Hard Mining for Robust Classification
Published:
In this blog post we want to explore whether training mostly on the hardest examples allows us to fit robust networks on CIFAR-10 quicker.
Introduction
In machine learning we “teach” our models to perform tasks such as image classification by showing them many examples of the task. In supervised learning these examples usually consist of an input (e.g. an image) and the corresponding label. We usually show every example to the model many times, and we do this in a way where we present every image equally often. This seams to be a reasonable approach when training for a few epochs only, however, it seems wasteful when training models for a long time: We will present examples that the model already classifies well to the model again and again. This seems inefficient, and to make things worse with standard loss functions the gradient coming from those examples will be close to \(0\), so the model will not actually update its parameters anymore based on those examples, and we just waste time and compute on those examples.
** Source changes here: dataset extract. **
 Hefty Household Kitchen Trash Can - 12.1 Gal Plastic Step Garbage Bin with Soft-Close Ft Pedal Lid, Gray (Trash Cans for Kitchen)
It seems to be a more efficient approach to only show images to the model that are not yet classified correctly. This is essentially what “Hard Mining” does. Hard Mining was used e.g. for face recognition with triplet loss1, for selecting pairs of pictures of different people that the model cannot distinguish yet. However, it is not very common for supervised training of image classifiers.
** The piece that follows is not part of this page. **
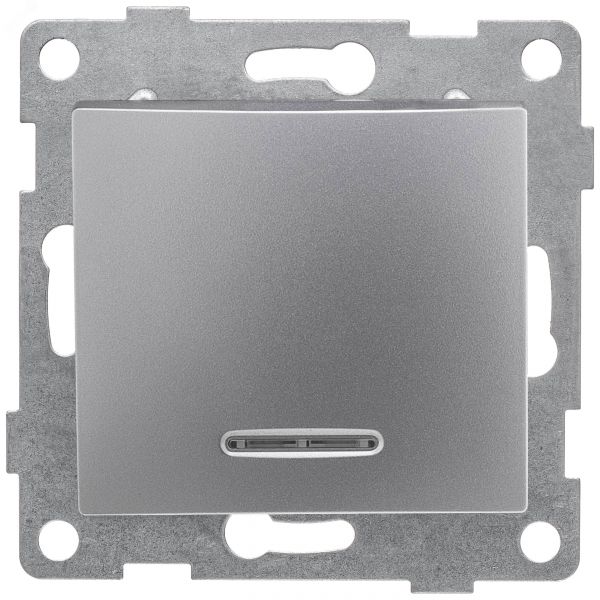 Выключатель одноклавишный Bravo инд, механизм, 10А, 250В, серебро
For a recent paper we aimed to robustly overfit the CIFAR-10 training set with 1-Lipschitz models (see e.g. 2). Unfortunately, 1-Lipschitz models tend to require a lot of update steps and a lot of training epochs to perform well. So whilst it is possible to overfit the training set by looking at every image equally often, this seems to by a suboptimal usage of resources. Therefore in this blog post we aim to explore if we can reduce the amount of training updates (and therefore training time), by being smarter about how often we use every image for training our models.
Approach
We want to create a way of using hard examples more often during training than easy ones. Luckily, we already have some intuition of which examples are hard and which are easy during training time: For every example we do know the value of the loss function for this example whenever this example is used during training. We decided to always use the examples with the highest loss function in order to form the next minibatch. We can achieve this efficiently by using a priority queue in order to keep track of the examples with the highest loss. This should barely have any computation overhead during training time, yet it allow us to mainly focus on the hard examples.
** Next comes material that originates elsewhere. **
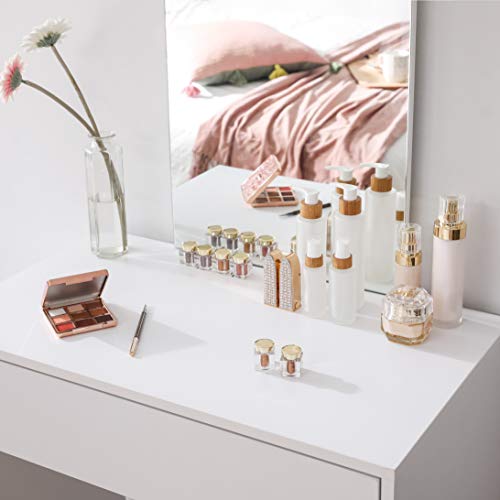 VASAGLE Tocador Moderno, Mesa de Maquillaje Rectangular con Espejo, Cajón XXL, para Dormitorio, Estilo Minimalista, Blanco, 70 x 40 x 125 cm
With the approach described above we do not consider the fact that the loss for all examples does change whenever we update the parameters of our model. We could regularly re-evaluate the loss for all training examples, however, this does means we waste some compute on additional forward passes of our model. Instead, we increase the priority of examples we have not seen in a while relative to newly added ones. This way we regularly process all our training examples, whist considering harder examples more frequently than easy ones. In practice, we achieve this by setting the priority of an examples to \(\mathop{\text{loss}}(x, y) - \alpha t\), for \(t\) the epoch number and \(\alpha = \frac{1}{10}\), and then always considering the examples with highest priority for the next training batch. With this choice, higher loss means higher priority, but the priority is also higher for example we have not seen in a while (an they were queued up a smaller value of \(t\)).
Results
We achieve what we intended to do: Using a priority queue, we manage to fully overfit the training data robustly (for radius \(\epsilon=1\)) in about \(256\) epochs. (Here one epoch is measured as the same number of forward passes as one epoch on standard CIFAR-10.) When showing every example equally often we require many times more compute, and about \(4k\) epochs! See the plot below for our results. We show the certified robust accuracy (CRA) for radius \(\epsilon=36/255\) (left) and \(\epsilon=1\) (right) for a 1-Lipschitz MLP using AOL layers. We can clearly see that when focusing on the examples with the highest loss, the model first fits the data perfectly for a small radius, and then eventually increases the radius, whereas standard training does already fit some training examples with a large margin after \(32\) epochs, whilst at the same time the model does not yet fit \(20\)% of the data with radius \(\epsilon=36/255\).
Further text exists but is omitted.